5 thoughts on “The Weekend Wonk: Al Gore on Inconvenient Truth, Ten Years Later”


  1. 22:00 by definition, the bipartisan committee buys into the extremely destructive lie of incrementalism.

    You may have heard “a lie can go halfway around the world while the truth is putting its pants on” or some variation. And ‘Life is what happens while we’re making plans” etc. Incrementalists are always doing the slow work they take credit for later when revolutionary change overtakes them. By insisting on equal representation from those who are radically wrong on a subject such groups rule out the actions the better half of the group is willing to take. The right has not only delayed action by all of us so long only radical actions are sufficient now, they and their world view have been completely discredited and should have no part in deciding anything from here on.

    Like outright denial has mostly given way to “I’m not a scientist” and “CO2 is good” and blah, blah… bipartisanism and market “solutions” are just different lines of defense in the denialism of reality that’s gotten us into this mess. The solutions are obvious when we free ourselves of the nonsensical bias of the right wing. It’s time to stop praising heel dragging and get on with the work that will stop utter catastrophe from destroying the biosphere.


  2. It’s so frustrating that almost no one wants to name the elephant in the room, Gore as well… the elephant is the requirement for an end to growth; economic, population, far beyond just CO2. We’re not going to solve anything if we keep pandering to peoples desire for never ending growth by promising we can have a livable planet and pure renewables right around the corner and why how wonderful, a carbon tax makes 70% of the people net winners $$$! A mere 3% growth in civilization globally (China and India are growing much faster than this) means you can imagine everything we’ve done to the planet since the dawn of the caveman, and double it in the same 7 continents we’ve had (minus some coastline of course) in just 27 years, and still have any sort of planet that hasn’t collapsed of it’s own debt-driven weight.


    1. Elephant joke:

      Q, Why do elephants paint their toenails red?
      A. So they can hide in cherry trees.

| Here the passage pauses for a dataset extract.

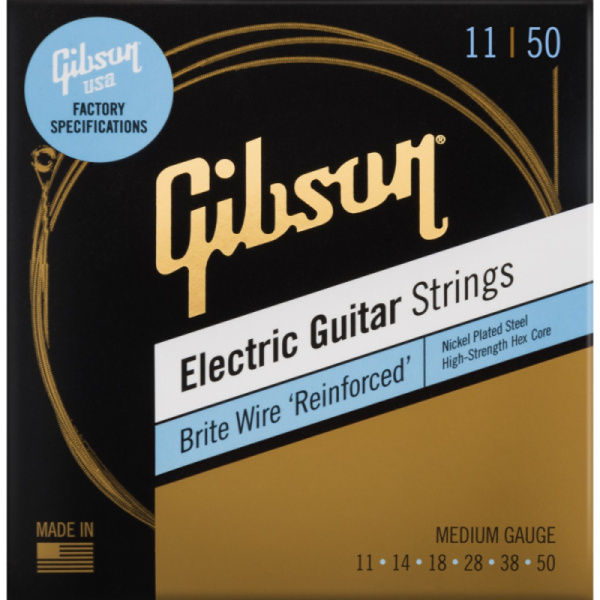 SEG-BWR11 BRITE WIRE REINFORCED Комплект струн для электрогитары, 11-50, GIBSON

      Q. Have you ever seen an elephant in a cherry tree?
      A. No.

      Then it must work!


    2. People don’t have a “desire for never ending growth”. People just want to have a comfortable home, and financial and medical health.

      It’s the corporate capitalist system that wants never-ending growth. This is what needs to change. Government must work better for people and, now, for civilization. The public interest, the commons must have greater importance. (Yeah, that means more socialistic policies)

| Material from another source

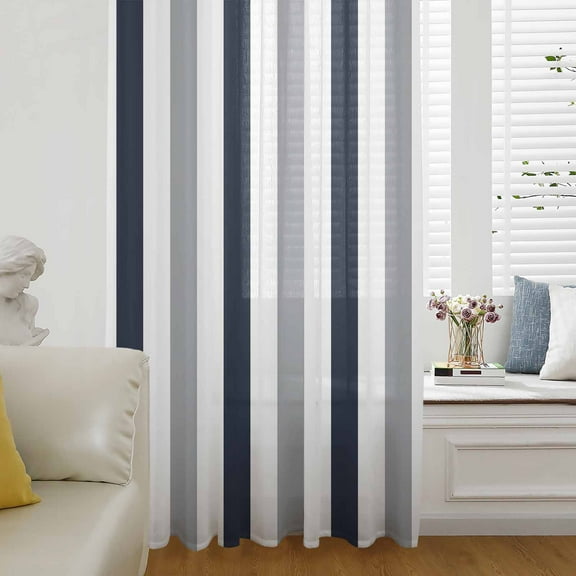 Navy Blue Gray Striped Semi Sheer Curtains Drapes for Living Room, Bedroom, French Doors Window 72 Inches Long, Farmhouse Stripe Art Rod Pocket Chiffon Curtain Drapery Voile Draperies Panel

      We have an opportunity, with renewable energy, to really start that process, to change people’s conception of what government can and should be doing for the people.

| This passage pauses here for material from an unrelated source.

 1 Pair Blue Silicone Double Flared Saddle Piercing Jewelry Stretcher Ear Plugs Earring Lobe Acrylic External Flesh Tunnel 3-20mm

      That is why I believe that public ownership of our RE is so important. And why private ownership (rooftop PV) and corporate (for-profit) ownership of RE is not the best way to proceed.


      1. E.O. Wilson in his newest book (Half Earth) makes the distinction between “extensive” growth and “intensive” growth.

        “Extensive” growth is the type favored by the corporate capitalists—-out-of-control-run-amok-plunder-and-destroy-the-planet so that the few may get rich.

        E.O. says that we need to focus on intensive growth if we want to save the planet, “intensive” meaning to develop and extend our technology to improve people’s lives while at the same time reducing our impact.

        E.O. is approaching 90 and perhaps getting a bit bright-sided in his old age. In Half Earth he advocates setting aside one half of Earth’s surface for the “wild things” that must survive if the biosphere is to be maintained in anything near its present state. The book is a good read, but it is full of evidence that this idea is not likely to work.